(Items from a data source)
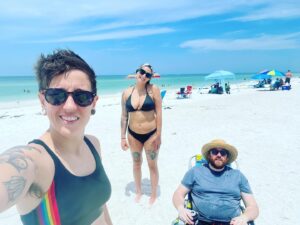 Nora Hewitt Instagram - Got this pasty bastard to the beach @hewittjonah #beachday #siblingweekend2024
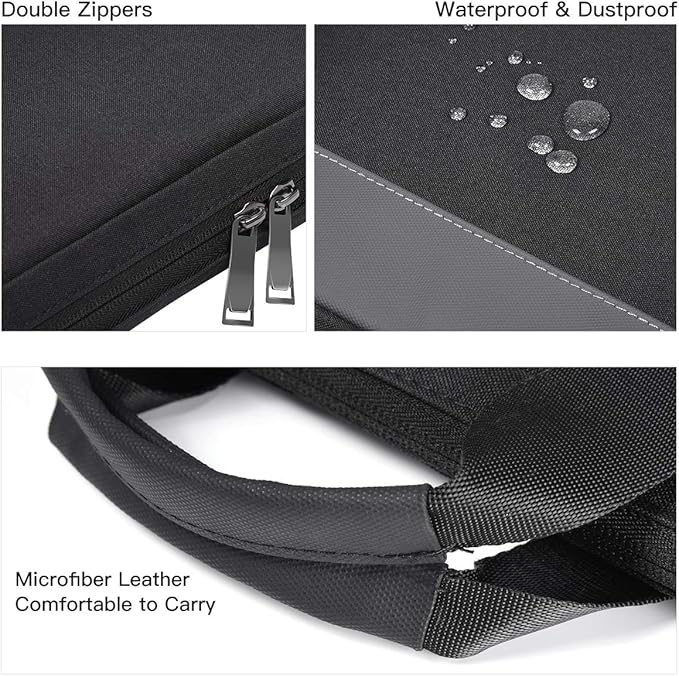 11.6-12.9 Inch Waterproof Laptop Bag Sleeve for Women Men Business Briefcase with Organizer for Acer Chromebook Spin 311, Lenovo Chromebook C330, Samsung Chromebook 4, HP ASUS Dell Surface Case, Black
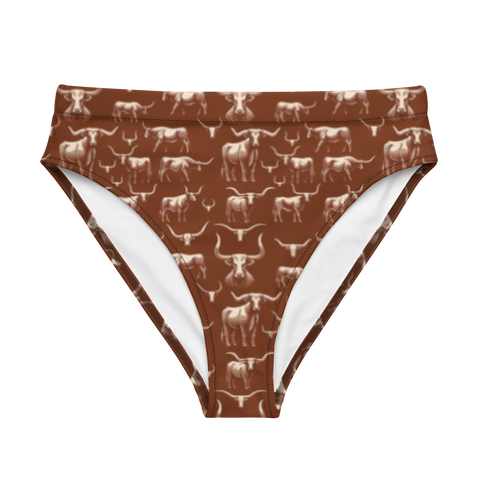 Wild Steer: Fiery Longhorn High-Waisted Bikini Bottom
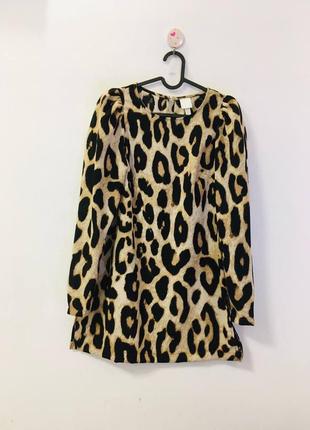 Леопардовое платье туника с пышным рукавом из премиум материала h&m1 фото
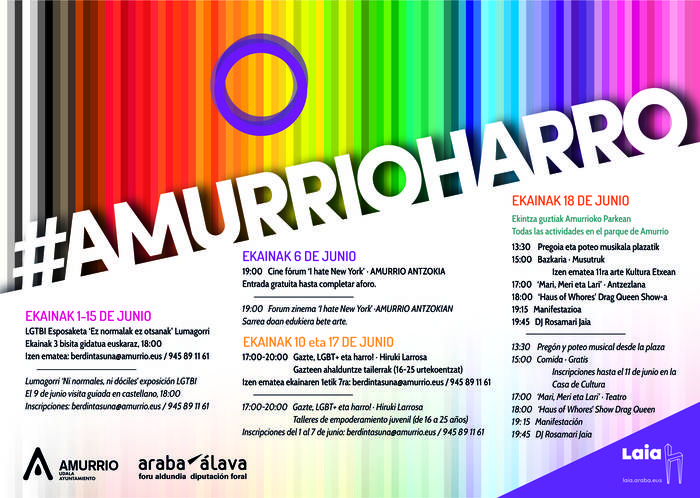 “Amurrio Harro”, LGTBIQA+ Harrotasunaren Nazioarteko Eguneko programazioa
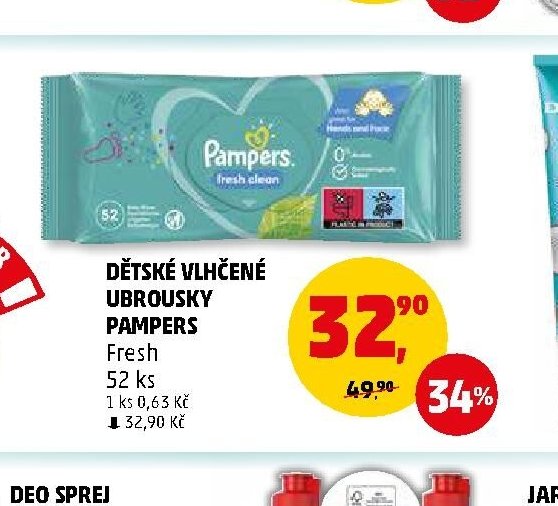DĚTSKÉ VLHČENÉ UBROUSKY PAMPERS Fresh
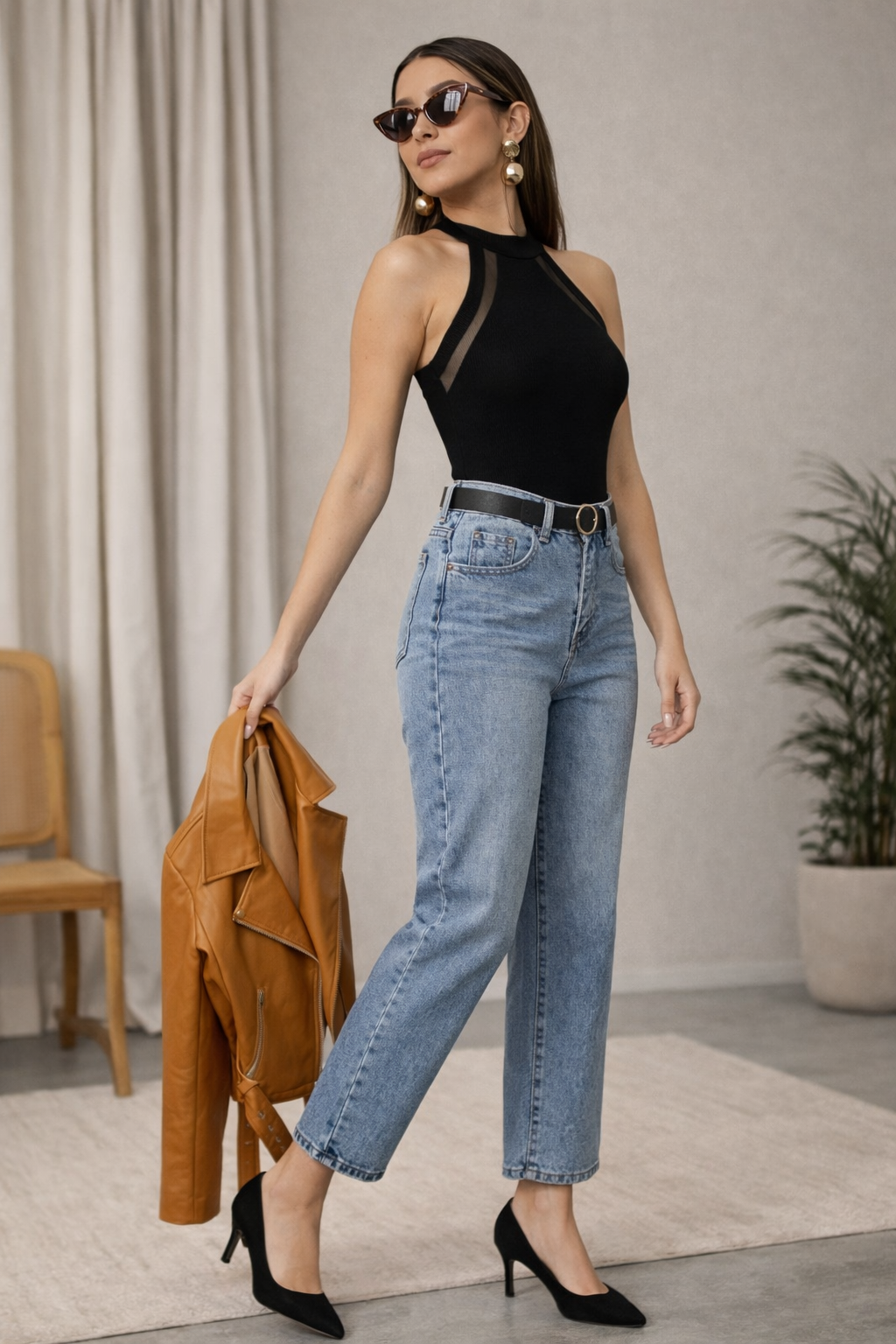 Eclipse Noir Sheer-Panel Halter Neck Top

Prompt: Go to the line that contains "Леопардовое платье туника" and copy it and every line after it through the end of the entries, exactly, without the pictures.

Exercise output:
 Леопардовое платье туника с пышным рукавом из премиум материала h&m1 фото
 “Amurrio Harro”, LGTBIQA+ Harrotasunaren Nazioarteko Eguneko programazioa
DĚTSKÉ VLHČENÉ UBROUSKY PAMPERS Fresh
 Eclipse Noir Sheer-Panel Halter Neck Top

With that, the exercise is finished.